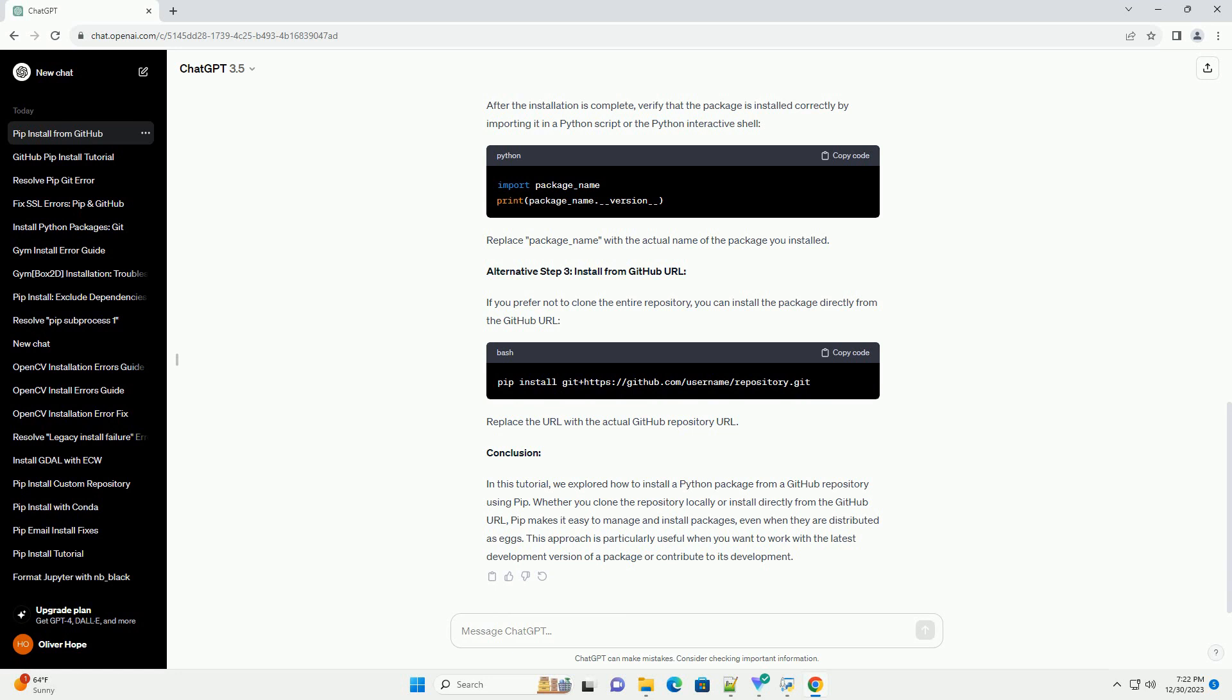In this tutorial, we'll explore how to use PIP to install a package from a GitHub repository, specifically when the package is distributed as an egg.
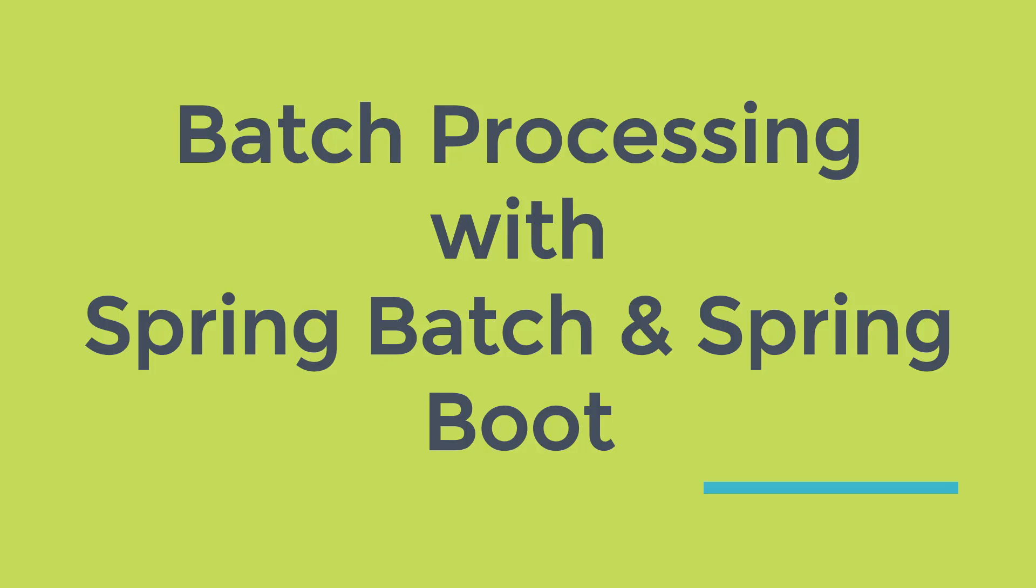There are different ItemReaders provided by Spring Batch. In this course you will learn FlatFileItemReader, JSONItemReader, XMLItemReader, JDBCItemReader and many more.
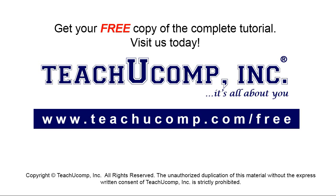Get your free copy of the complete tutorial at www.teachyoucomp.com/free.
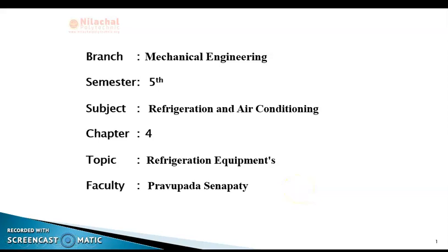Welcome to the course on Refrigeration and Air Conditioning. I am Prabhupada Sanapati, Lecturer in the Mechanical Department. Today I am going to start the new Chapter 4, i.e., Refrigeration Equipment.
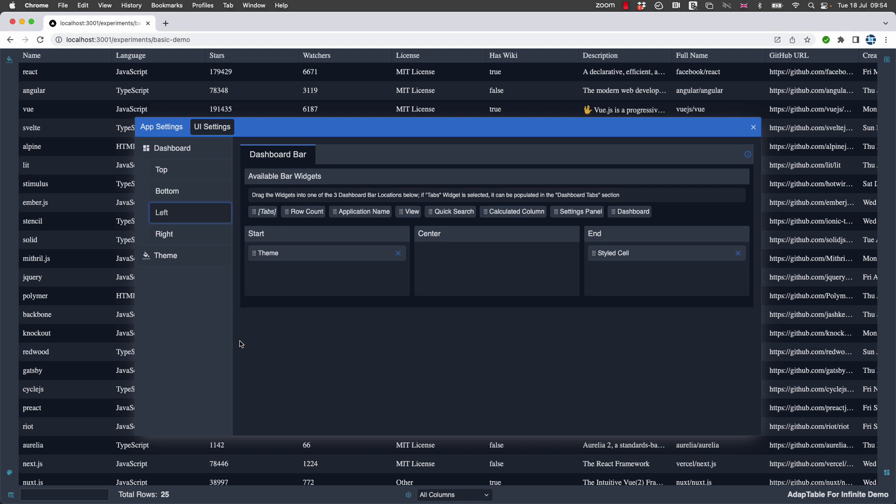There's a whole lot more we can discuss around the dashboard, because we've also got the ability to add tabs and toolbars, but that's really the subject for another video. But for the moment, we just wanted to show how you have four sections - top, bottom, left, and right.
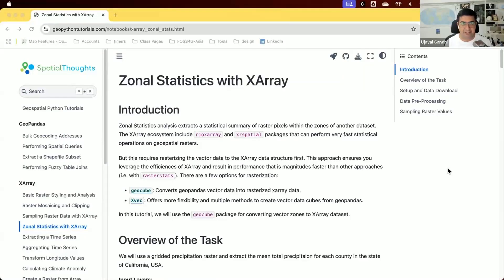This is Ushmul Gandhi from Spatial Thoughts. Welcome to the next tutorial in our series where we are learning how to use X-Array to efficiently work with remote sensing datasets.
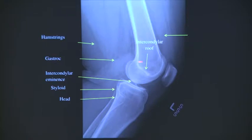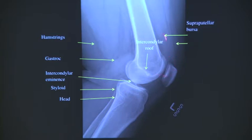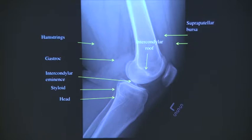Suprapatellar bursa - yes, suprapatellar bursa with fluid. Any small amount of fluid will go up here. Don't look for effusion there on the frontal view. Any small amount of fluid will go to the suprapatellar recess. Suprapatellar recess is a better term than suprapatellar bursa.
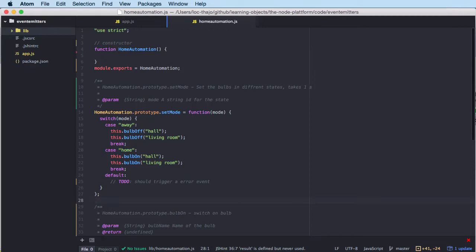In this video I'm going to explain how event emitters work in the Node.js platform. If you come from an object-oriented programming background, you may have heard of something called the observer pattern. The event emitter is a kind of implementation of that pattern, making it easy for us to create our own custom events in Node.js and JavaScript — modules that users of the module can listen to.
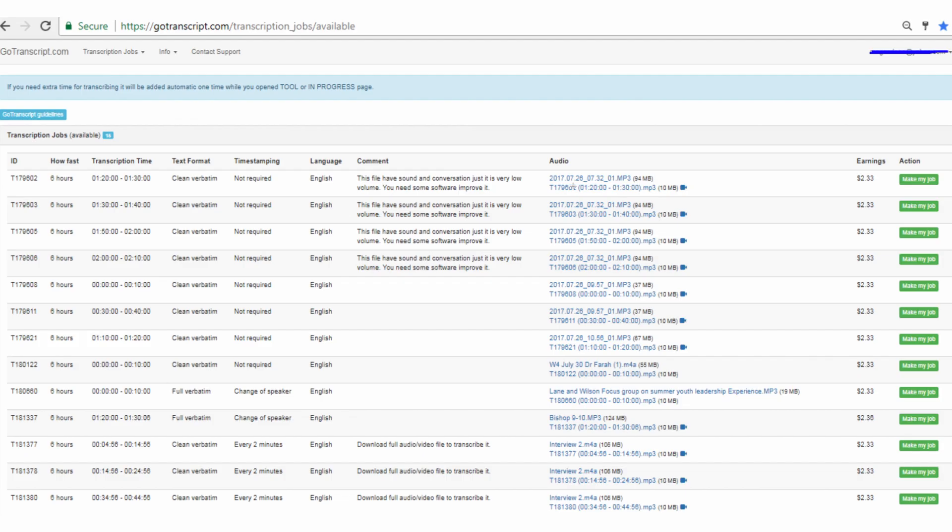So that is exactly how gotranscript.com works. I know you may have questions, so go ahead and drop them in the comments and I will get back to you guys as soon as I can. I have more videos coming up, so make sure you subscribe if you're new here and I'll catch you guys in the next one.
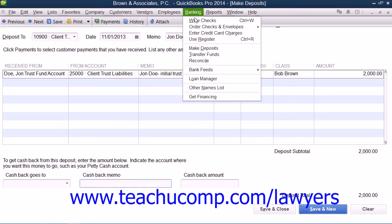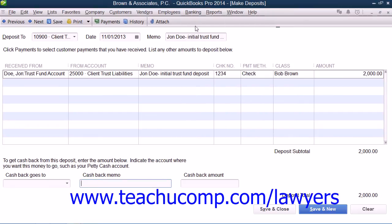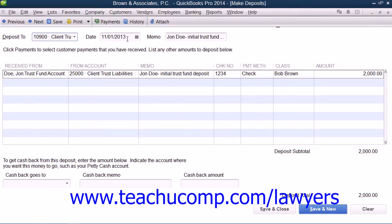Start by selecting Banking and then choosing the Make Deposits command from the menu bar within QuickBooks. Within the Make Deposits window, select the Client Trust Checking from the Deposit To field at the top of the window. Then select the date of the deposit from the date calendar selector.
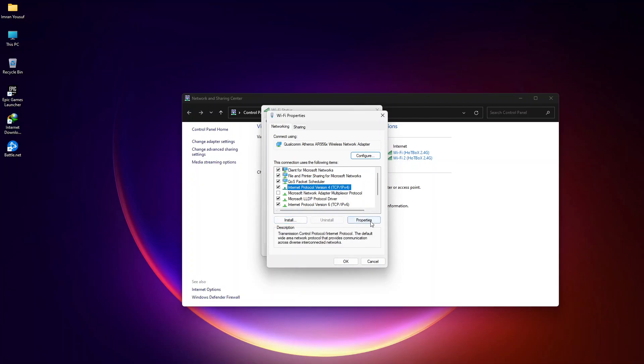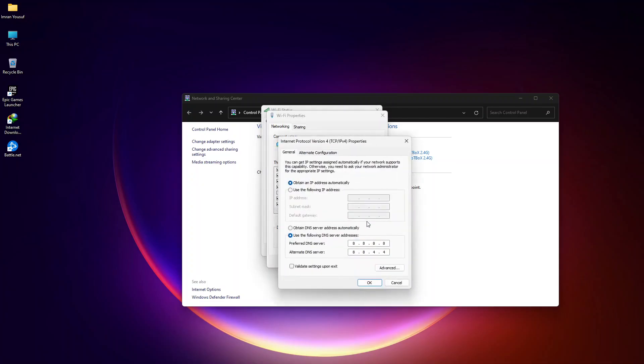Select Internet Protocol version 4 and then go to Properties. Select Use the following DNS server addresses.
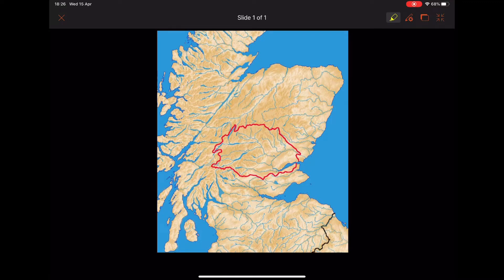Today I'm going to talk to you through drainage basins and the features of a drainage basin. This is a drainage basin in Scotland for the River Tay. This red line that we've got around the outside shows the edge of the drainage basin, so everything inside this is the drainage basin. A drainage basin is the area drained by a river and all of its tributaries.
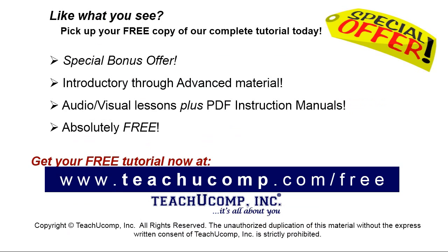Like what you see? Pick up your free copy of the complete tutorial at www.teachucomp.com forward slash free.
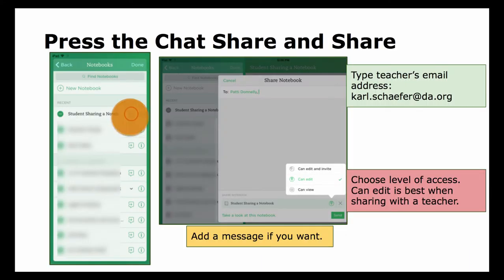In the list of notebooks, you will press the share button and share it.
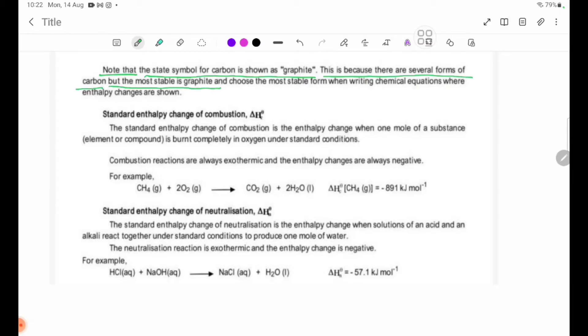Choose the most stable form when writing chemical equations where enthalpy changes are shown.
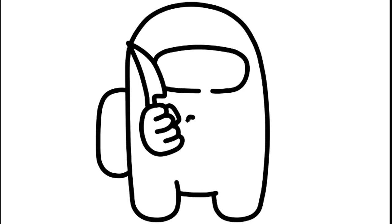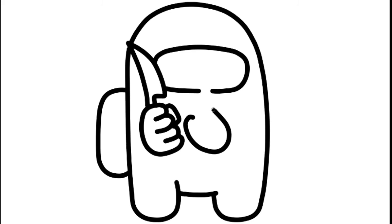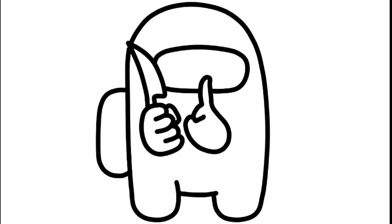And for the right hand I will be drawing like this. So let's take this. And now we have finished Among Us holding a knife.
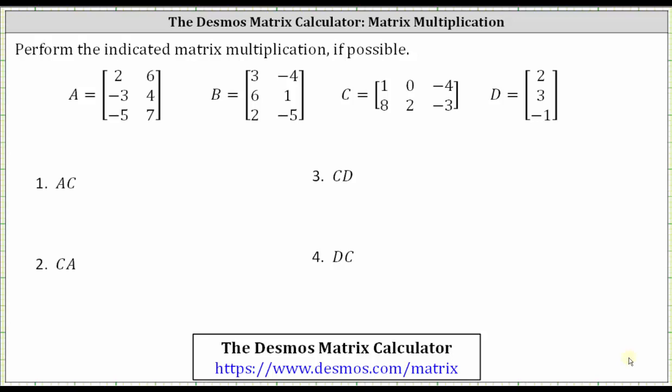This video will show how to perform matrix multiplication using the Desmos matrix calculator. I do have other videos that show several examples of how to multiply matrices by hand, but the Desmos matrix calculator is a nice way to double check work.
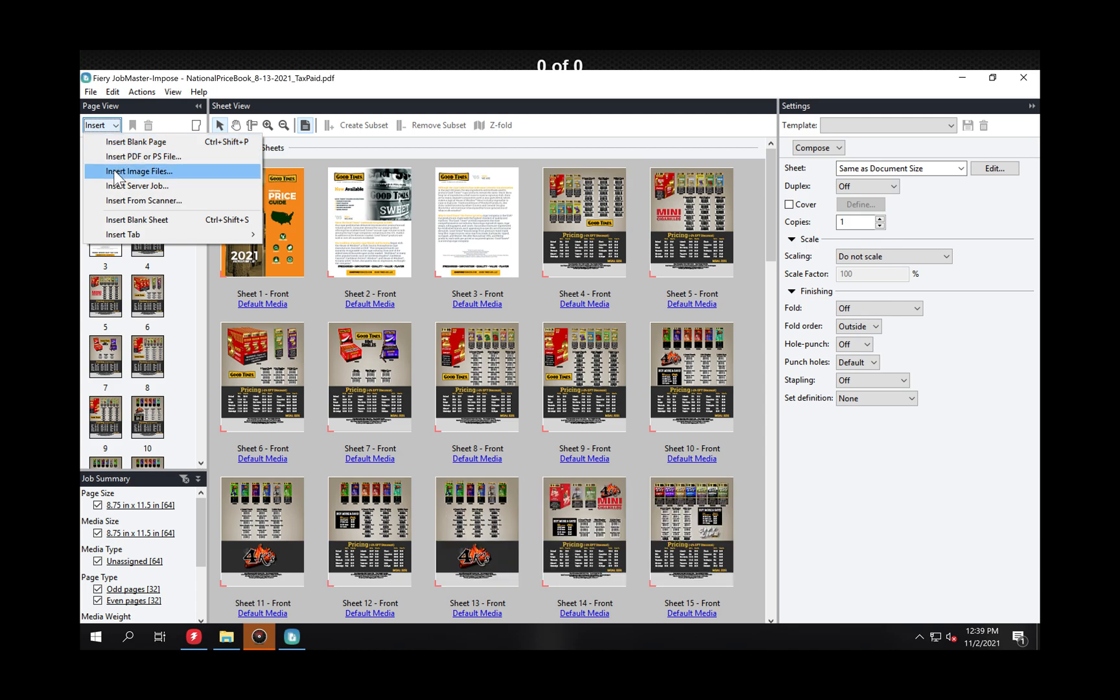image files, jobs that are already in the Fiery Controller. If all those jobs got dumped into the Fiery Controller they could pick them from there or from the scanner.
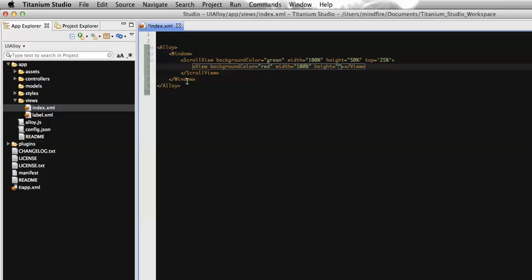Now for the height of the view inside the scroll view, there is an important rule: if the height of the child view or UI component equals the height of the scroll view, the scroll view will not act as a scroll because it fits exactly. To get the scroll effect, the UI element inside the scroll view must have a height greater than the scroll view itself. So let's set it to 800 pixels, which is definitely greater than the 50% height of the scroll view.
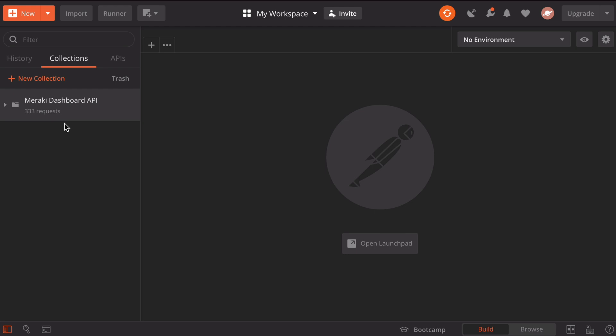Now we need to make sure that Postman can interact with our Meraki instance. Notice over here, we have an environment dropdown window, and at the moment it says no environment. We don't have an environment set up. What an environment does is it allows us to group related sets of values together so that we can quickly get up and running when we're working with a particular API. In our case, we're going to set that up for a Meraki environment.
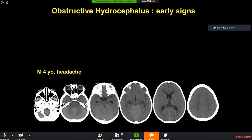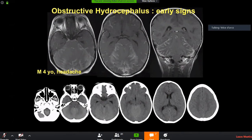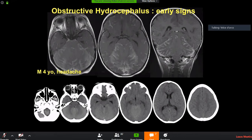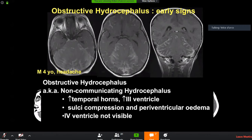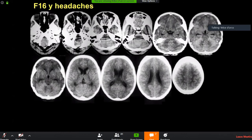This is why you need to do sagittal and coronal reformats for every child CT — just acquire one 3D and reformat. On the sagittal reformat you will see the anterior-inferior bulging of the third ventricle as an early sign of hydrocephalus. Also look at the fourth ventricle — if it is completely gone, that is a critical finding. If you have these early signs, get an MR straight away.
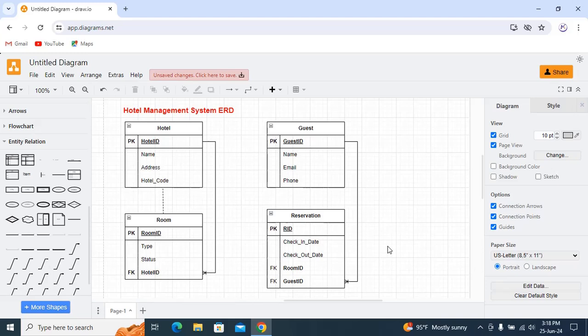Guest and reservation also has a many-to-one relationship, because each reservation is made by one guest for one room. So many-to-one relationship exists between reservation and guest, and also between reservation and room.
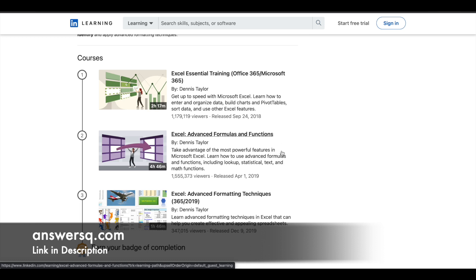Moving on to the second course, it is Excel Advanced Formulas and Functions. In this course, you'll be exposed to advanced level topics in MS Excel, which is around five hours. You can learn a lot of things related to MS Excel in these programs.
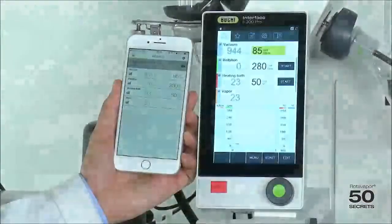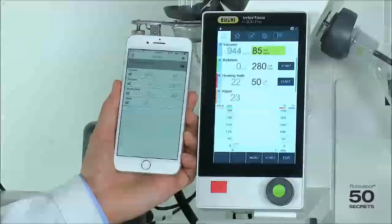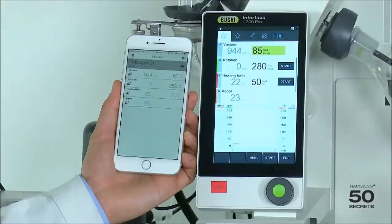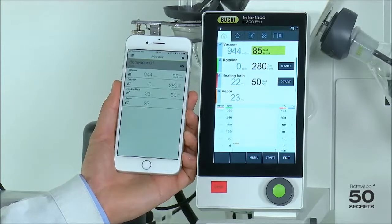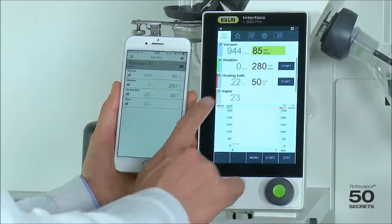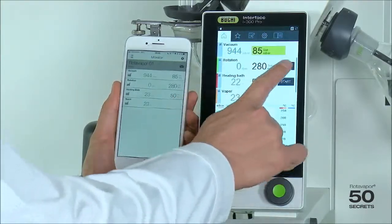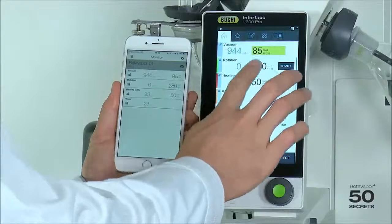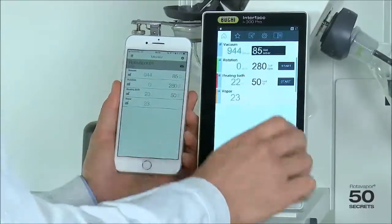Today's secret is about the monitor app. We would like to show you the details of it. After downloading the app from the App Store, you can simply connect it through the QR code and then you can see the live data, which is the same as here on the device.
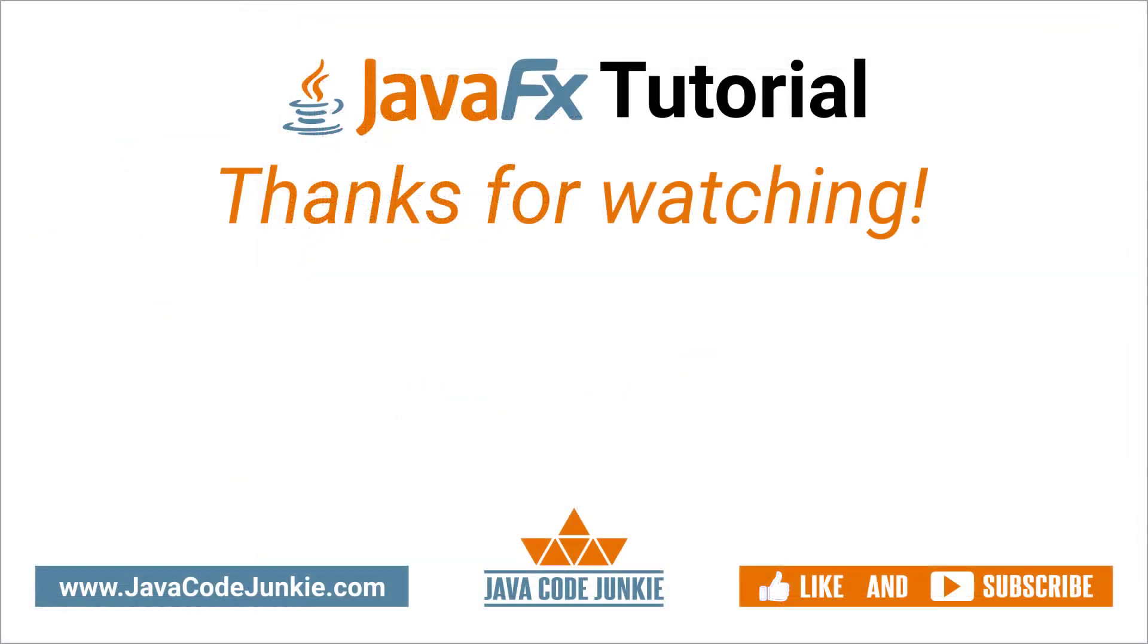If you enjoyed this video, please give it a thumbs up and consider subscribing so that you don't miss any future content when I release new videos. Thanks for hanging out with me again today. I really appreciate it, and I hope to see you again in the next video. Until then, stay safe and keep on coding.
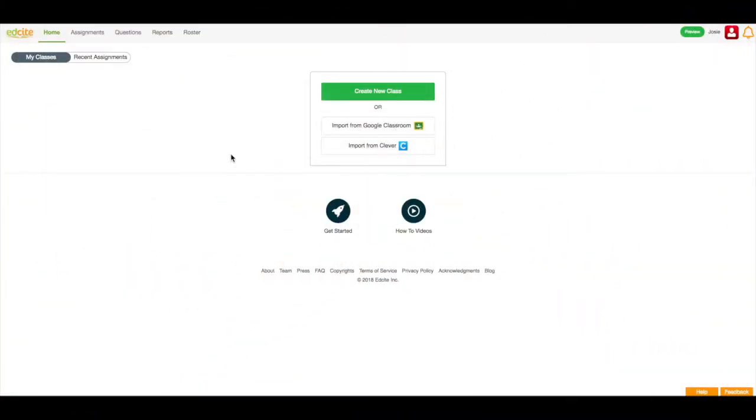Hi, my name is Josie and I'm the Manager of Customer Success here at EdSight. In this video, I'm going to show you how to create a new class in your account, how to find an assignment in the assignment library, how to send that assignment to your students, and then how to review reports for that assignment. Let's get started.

● The task
The copy should hold, exactly, the lines from the one containing "Today's secret is" to the final line of the listing above, with both ends present and no pictures.

● Written response
Today's secret is about the monitor app. We would like to show you the details of it. After downloading the app from the App Store, you can simply connect it through the QR code and then you can see the live data, which is the same as here on the device.
If you enjoyed this video, please give it a thumbs up and consider subscribing so that you don't miss any future content when I release new videos. Thanks for hanging out with me again today. I really appreciate it, and I hope to see you again in the next video. Until then, stay safe and keep on coding.
Hi, my name is Josie and I'm the Manager of Customer Success here at EdSight. In this video, I'm going to show you how to create a new class in your account, how to find an assignment in the assignment library, how to send that assignment to your students, and then how to review reports for that assignment. Let's get started.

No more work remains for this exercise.